After her divorce and her work on behalf of France during WWI, she shared her time between a home near Paris, and the city of Hyères, the oldest resort on the French Riviera. It played its part in the Crusades, as a command post of the Knights Templar, and was long ago discovered by the British. Even Queen Victoria stayed there. Robert Louis Stevenson wrote of the city, ” I dwell next door to Heaven!”

From 1919 on, Edith created her trademark gardens around her home, Castel Sainte-Claire, on a hillside above this little town, on the grounds of a ruined 17th-century convent with a staggering view down to the Mediterranean. A previous owner, Olivier Voutier, had the distinction of discovering the Venus de Milo, which went posthaste into the Louvre.

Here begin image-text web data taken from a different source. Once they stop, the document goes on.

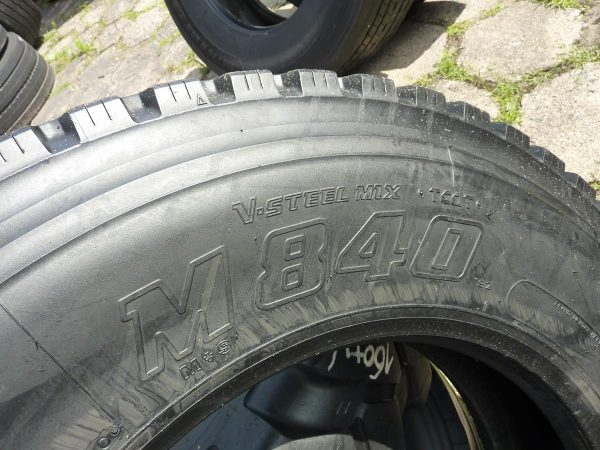 Opona używana ciężarowa 10R22.5 BRIDGESTONE M840; 500zł C2086 - obrazek 11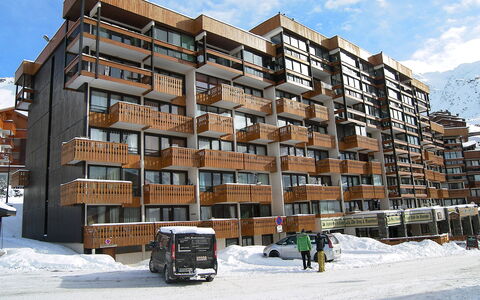 Val Thorens 200: Ciel, Nuage, Bâtiment, Neige, Design Urbain, Condominium, Roue, Façade, Bloc Tour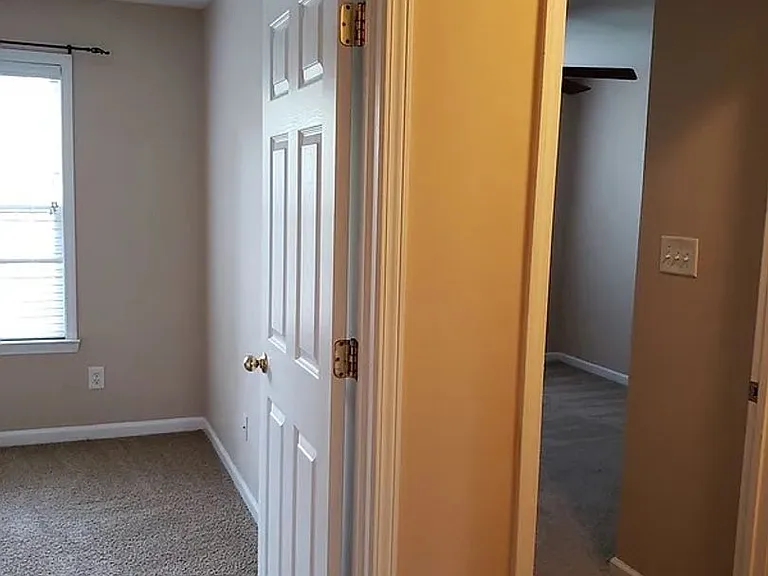 10318 McGoogan Ln — Photo 22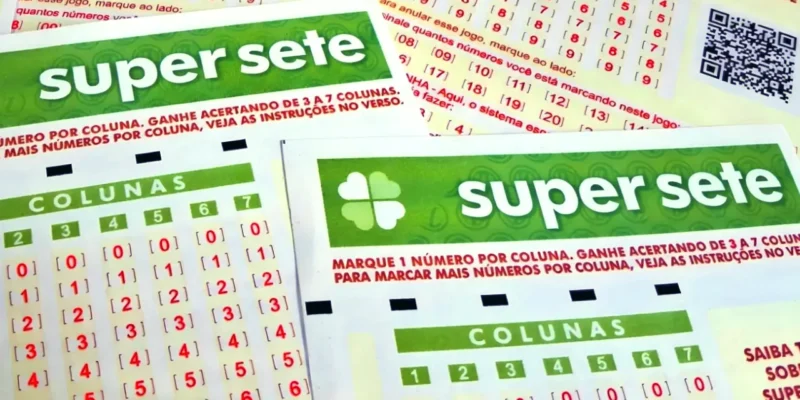 Volantes da modalidade lotérica Super Sete, referentes ao concurso 893 da modalidade lotérica, com resultado dos números sorteados nesta segunda-feira, 31/08, bem como prêmios de todas as faixas de acerto, total de apostas realizadas, ganhadoras e perdedoras, com detalhes especiais. Além disso, análise econômica, financeira e lotérica da extração, arrecadação e pagamento de prêmios, bem como a destinação pública do dinheiro do saldo residual | Enzo Carvalho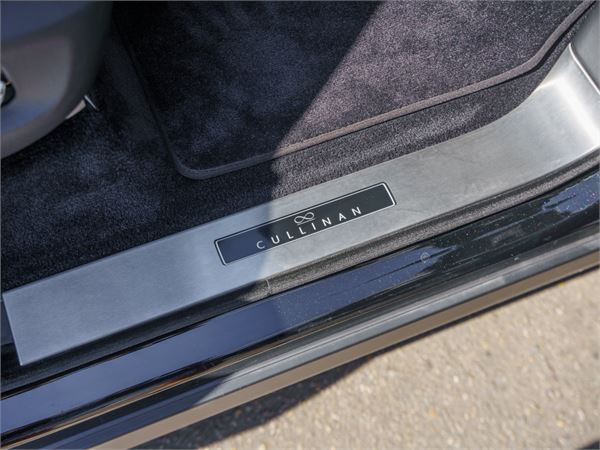 2023 Rolls-Royce Cullinan Black Badge in Black Diamond - interior photo 19
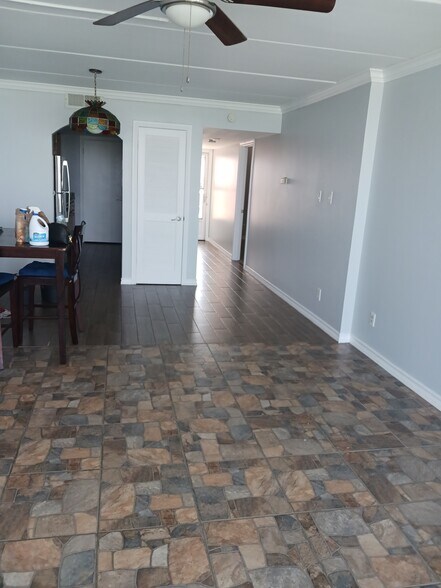 Building Photo - 4334 Ocean Dr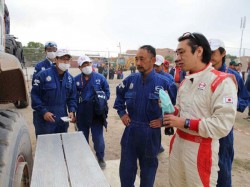 Teruhito Sugawara goes over servicing procedures with mechanics. 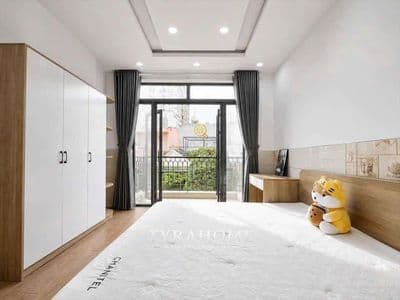Studio ban công riêng | máy giặt riêng | gần landmark81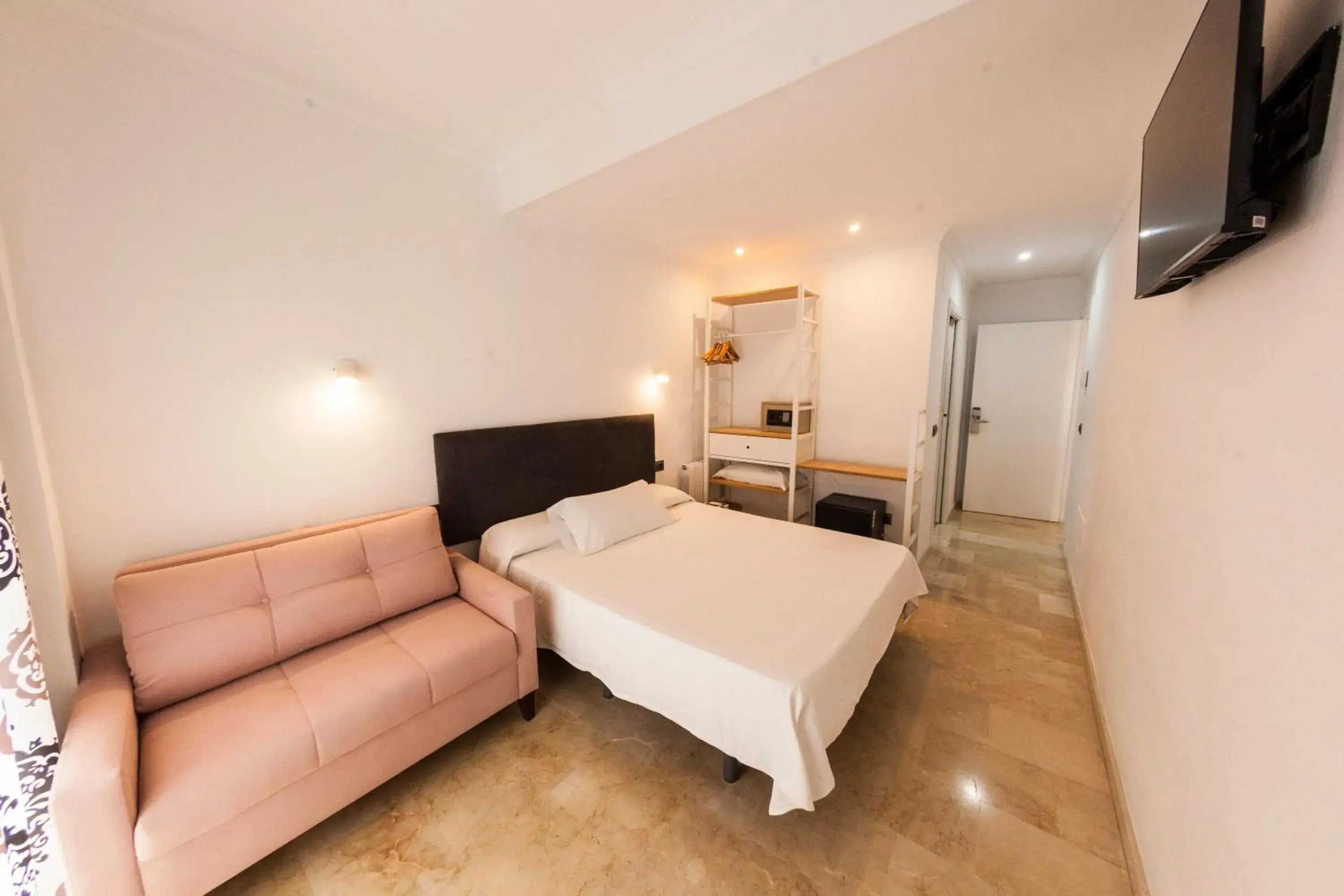 Triple Room in Abril Nerja Triple Room in Abril Nerja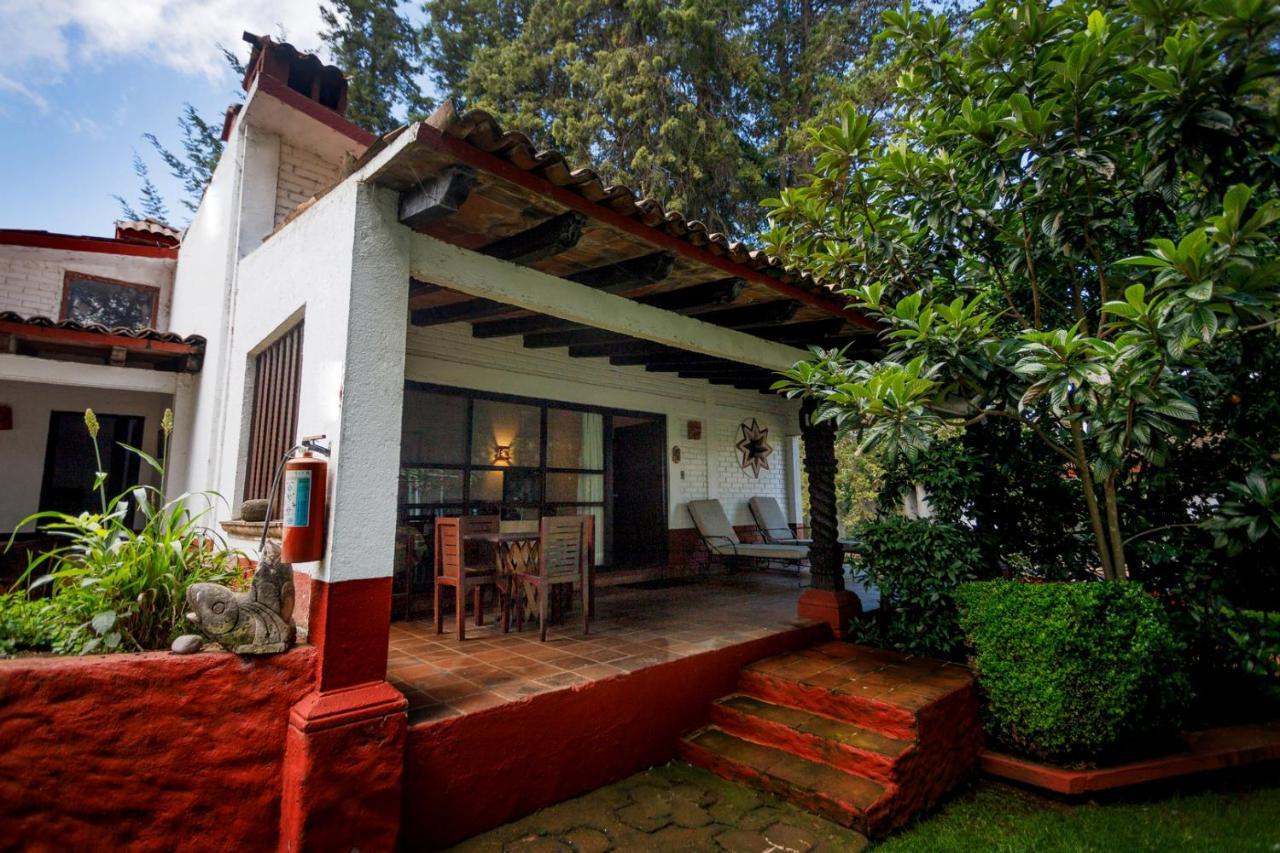 Lago Sol Hotel & Suites Tzintzuntzán Eksteriør billede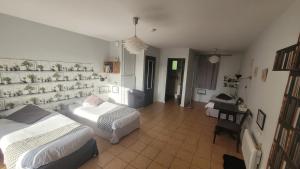Hotels Hotel La Peyrade : Chambre Triple
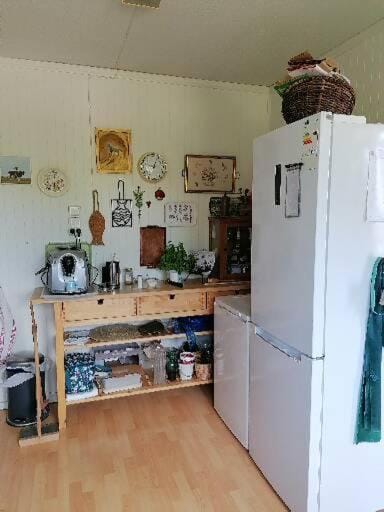 Kitchen or kitchenette, oven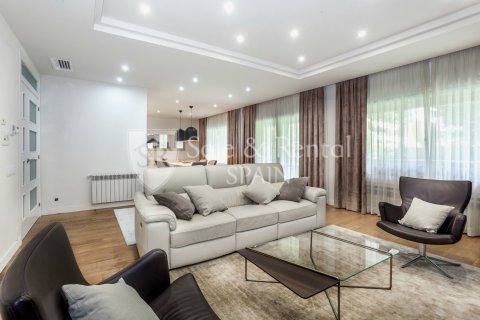 Casa in vendita a Gava, Barcelona, Spagna 6 camere da letto, 490 mq. N° 166458 - foto 13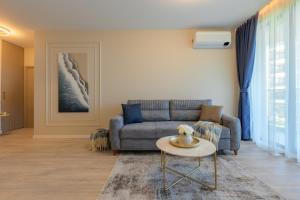 Χώρος καθιστικού στο Luxury Apartment Sea Prestige - Jacuzzi, Sauna and Steam Bath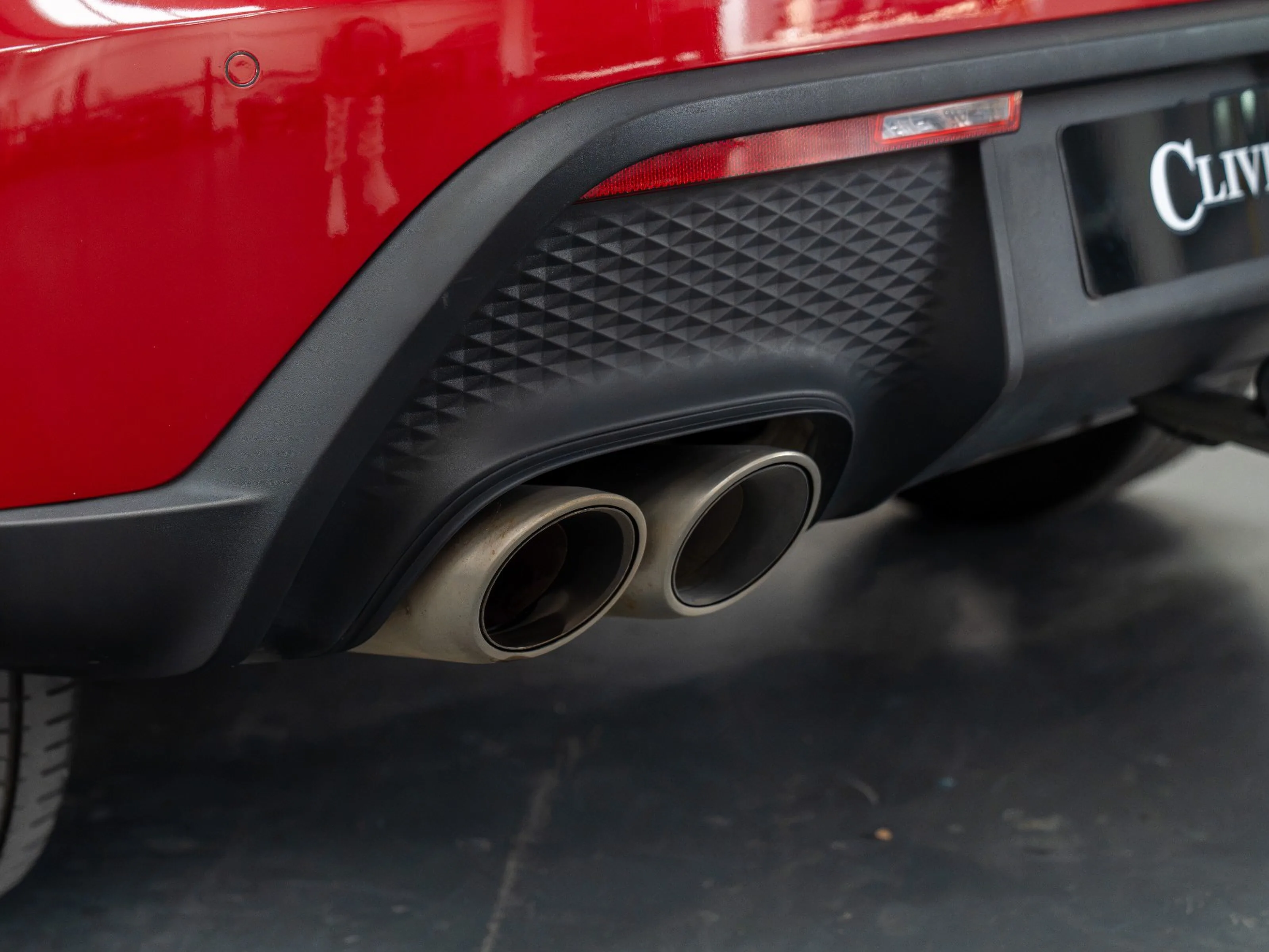2021 Porsche Macan S, 27/30
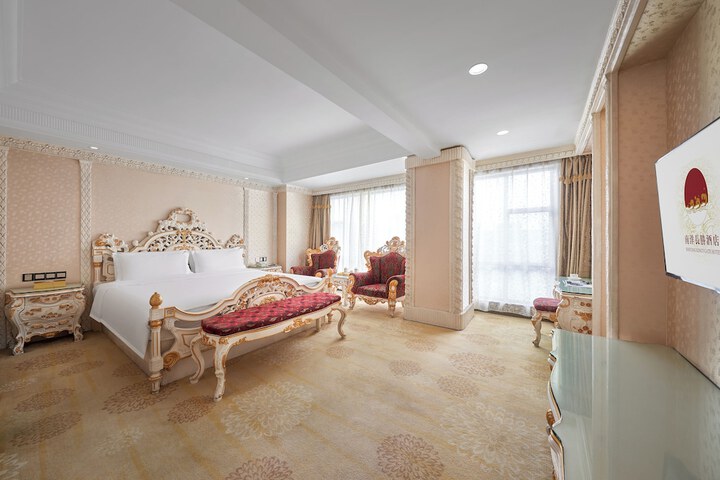 Room 2 of 91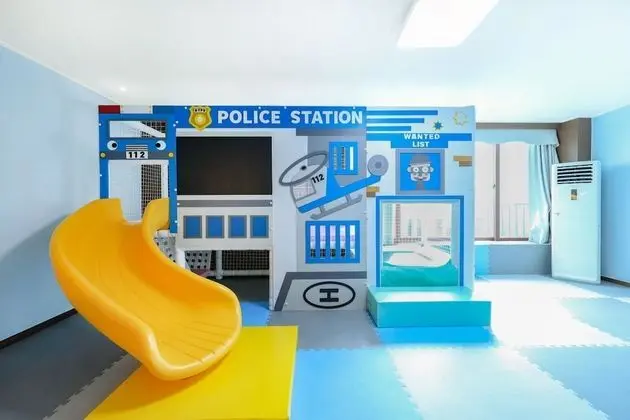 Family Tek Büyük Yataklı Oda (Family Kids Room / Run of House)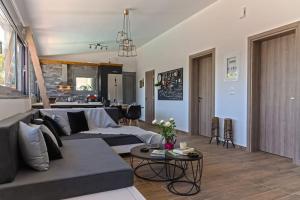 Posedenie v ubytovaní Thermis Luxury Villa, Loutraki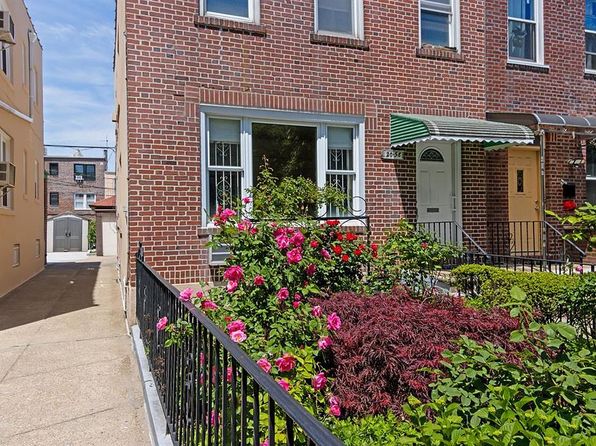 20-58 35th St #1, Astoria, NY 11105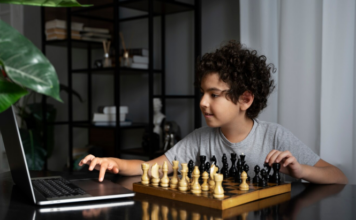 Возможно ли научить ребенка играть в шахматы онлайн: доступ к интеллектуальной игре в цифровую эпоху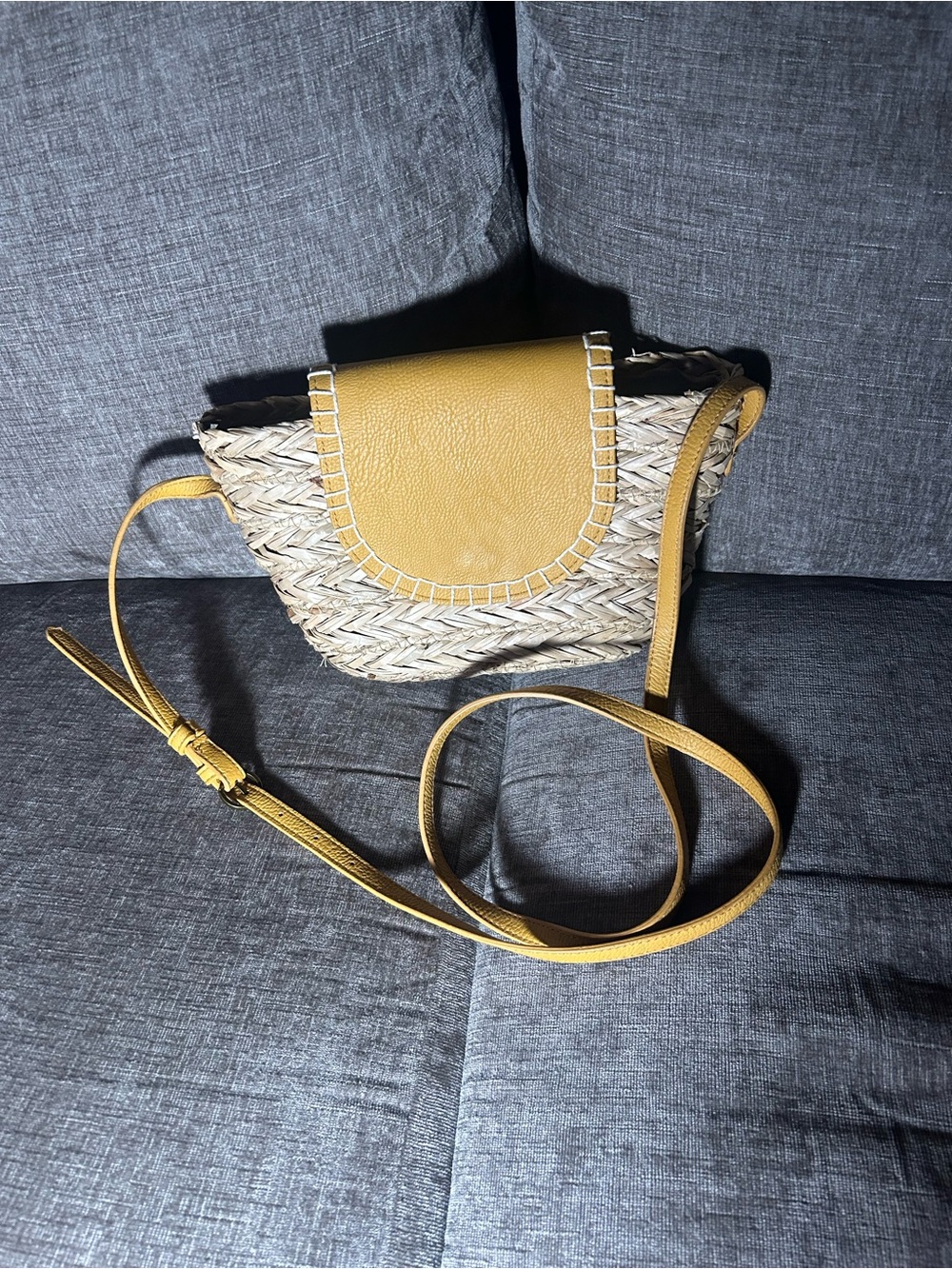 Universal Threads Straw Mustard Crossbody Bag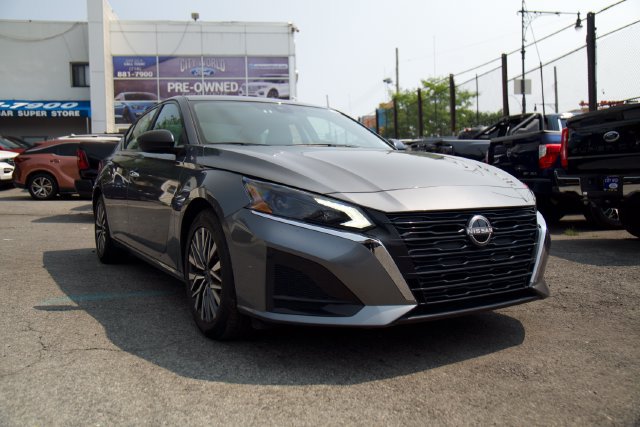 Used 2025 Nissan Altima 2.5 SV FWD 360° Tour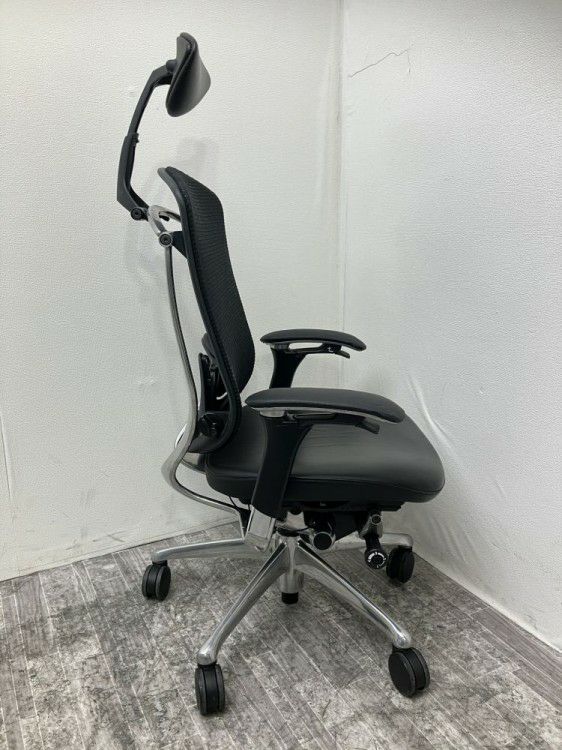 岐阜県にて オカムラ 可動肘付コンテッサチェア を買取致しました。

The home is not open as a museum, but the gardens are a lovely homage to her style.

But a mere five years later, a new bar was set in Hyères by Villa Noailles, an early modernist house, built by architect Robert Mallet-Stevens for art patrons Charles and Marie-Laure de Noailles. The war finally over, the race began on the Riviera to build luxury homes that took full advantage of the possibilities of the hillside settings and the Noailles set the pace, with a true 20th-century building. The cubist garden is just one of the many stark contrasts to the Wharton style. There were some new Joneses in town…

 

We had lunch near the town tower, a remnant of the Knights and the Crusades. A wonderful place to sit and soak up the scenery.

2 thoughts on “Keeping up with the Joneses

  1. The cubist garden appeals to me as much as Edith’s creation, and then I think: I love the tower, too. Could it be that everything looks fabulous in that sunshine??